The Utah Supreme Court has found that the exercise of the people’s right of referendum presents a compelling, countervailing public interest which “defeats any operation of the vested rights doctrine” Mouty v. Sandy City Recorder, 122 P.3d 521, 526 (Utah 2005). However, the initiative in this situation does not have the same effect under Utah law. In Mouty, the court found that the citizens’ efforts to pursue a referendum on an ordinance were well known at the time of the developer’s application. As a result, pursuant to the Utah Constitution, which tolls the effectiveness of newly-enacted “law[s] or ordinance[sr pending the exercise of the referendum right, the new zoning ordinance at issue in the case had not yet taken effect. Id. ¶ 14 (citing Utah Const. art. VI § 1(2)(b)(ii)). “Consequently, the development applications were not in conformity with the ‘zoning requirements in existence at the time of . . . application.'” Id. (citing Western Land Equities, 617 P.2d at 396).

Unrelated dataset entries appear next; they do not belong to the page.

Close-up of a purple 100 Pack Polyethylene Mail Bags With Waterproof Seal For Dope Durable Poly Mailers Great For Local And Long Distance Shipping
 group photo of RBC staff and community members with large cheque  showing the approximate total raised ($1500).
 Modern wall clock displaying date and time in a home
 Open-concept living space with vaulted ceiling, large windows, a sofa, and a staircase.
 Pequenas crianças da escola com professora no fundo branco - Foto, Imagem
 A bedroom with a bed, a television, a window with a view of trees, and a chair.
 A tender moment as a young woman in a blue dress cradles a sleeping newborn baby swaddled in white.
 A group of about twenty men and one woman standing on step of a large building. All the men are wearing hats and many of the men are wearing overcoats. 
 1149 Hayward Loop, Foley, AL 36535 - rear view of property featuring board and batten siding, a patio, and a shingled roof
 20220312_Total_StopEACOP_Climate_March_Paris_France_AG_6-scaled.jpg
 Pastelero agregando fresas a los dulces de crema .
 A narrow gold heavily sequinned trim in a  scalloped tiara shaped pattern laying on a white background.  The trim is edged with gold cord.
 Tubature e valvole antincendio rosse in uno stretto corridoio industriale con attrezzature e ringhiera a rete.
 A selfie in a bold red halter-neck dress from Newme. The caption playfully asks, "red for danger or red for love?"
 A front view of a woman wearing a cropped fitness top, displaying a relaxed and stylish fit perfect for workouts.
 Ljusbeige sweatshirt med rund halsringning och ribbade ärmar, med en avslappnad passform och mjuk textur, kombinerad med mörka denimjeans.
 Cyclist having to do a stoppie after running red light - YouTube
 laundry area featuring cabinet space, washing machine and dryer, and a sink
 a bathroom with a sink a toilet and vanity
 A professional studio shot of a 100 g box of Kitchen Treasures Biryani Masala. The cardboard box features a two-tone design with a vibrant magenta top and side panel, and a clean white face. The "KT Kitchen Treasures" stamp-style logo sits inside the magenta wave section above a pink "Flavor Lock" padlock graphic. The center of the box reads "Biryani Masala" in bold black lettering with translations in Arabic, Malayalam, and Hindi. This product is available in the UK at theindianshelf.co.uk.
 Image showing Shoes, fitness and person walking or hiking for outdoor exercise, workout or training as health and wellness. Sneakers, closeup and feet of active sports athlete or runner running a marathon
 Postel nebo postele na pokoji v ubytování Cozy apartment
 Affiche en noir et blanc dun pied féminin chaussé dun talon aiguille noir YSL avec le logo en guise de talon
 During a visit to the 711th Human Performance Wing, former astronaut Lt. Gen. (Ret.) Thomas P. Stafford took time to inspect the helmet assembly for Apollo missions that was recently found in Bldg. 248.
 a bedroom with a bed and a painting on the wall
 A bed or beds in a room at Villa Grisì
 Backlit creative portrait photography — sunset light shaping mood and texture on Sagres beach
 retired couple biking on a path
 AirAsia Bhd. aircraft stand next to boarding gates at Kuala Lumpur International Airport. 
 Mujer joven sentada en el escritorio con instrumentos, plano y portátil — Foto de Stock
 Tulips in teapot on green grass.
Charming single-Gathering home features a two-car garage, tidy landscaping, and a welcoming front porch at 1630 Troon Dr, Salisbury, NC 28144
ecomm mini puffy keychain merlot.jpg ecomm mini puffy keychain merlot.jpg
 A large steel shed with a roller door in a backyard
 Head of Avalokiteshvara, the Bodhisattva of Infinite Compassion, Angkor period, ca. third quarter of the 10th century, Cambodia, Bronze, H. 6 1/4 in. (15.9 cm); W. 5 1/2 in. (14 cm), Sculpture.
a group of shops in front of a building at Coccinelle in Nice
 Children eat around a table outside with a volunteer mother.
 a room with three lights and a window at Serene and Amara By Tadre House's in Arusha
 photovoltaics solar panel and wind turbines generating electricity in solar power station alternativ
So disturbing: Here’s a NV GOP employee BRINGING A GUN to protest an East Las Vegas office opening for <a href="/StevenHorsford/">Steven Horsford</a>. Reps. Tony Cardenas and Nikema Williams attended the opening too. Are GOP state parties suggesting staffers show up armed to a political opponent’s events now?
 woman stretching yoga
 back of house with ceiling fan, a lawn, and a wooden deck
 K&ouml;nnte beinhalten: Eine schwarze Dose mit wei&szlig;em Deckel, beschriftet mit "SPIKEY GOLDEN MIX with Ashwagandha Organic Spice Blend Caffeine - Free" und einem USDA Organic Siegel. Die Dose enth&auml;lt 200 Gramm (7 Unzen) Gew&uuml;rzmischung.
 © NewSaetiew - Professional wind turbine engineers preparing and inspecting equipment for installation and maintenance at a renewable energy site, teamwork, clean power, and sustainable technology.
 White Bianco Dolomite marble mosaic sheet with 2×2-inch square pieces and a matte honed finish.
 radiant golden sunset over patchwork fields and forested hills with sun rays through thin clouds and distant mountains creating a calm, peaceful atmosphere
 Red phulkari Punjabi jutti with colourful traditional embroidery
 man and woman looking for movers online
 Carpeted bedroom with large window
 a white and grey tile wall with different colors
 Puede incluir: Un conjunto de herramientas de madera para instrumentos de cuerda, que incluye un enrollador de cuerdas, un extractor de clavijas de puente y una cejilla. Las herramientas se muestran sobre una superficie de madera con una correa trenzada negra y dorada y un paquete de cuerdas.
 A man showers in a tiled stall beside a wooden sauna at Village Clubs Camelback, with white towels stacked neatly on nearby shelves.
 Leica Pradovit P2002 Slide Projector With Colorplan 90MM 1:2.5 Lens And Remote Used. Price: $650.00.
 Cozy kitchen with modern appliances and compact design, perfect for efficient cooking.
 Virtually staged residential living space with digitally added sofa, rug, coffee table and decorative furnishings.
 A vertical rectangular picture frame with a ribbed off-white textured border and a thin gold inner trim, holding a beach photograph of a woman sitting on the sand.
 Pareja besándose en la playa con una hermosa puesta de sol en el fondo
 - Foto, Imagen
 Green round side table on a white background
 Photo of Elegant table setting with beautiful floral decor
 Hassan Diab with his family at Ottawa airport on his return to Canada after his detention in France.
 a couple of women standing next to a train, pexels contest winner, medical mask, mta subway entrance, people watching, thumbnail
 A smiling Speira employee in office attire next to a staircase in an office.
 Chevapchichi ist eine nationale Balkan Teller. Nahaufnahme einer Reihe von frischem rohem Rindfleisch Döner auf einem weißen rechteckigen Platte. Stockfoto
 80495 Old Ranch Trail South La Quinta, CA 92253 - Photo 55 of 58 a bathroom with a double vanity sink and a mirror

In contrast, during the pendency of an initiative—such as Proposition One—the effectiveness of the ordinance that the initiative seeks to amend is not tolled or stayed. See Utah Const. art. VI § 1(2)(b)(i). Whereas a referendum is an attack on, and attempt to overturn by popular vote, legislation already passed and currently being implemented, an initiative is an attempt to implement as law by popular vote newly drafted legislation . An initiative in this case has no impact on the past acts of the County Commission. In SPC’s case, no petition for referendum was ever filed following the County Commission’s rezoning of the Property.3 RTVC did not file a petition for initiative until over three months after SPC’s application was complete and after the Planning Commission had recommended final approval. At the time of SPC’s Application, the rezoning ordinance had been in effect for approximately eighteen months. Thus, since Proposition One did not stay the effectiveness of the rezoning, SPC has a vested right to have its Application considered under the zoning ordinances in effect in December of 2007.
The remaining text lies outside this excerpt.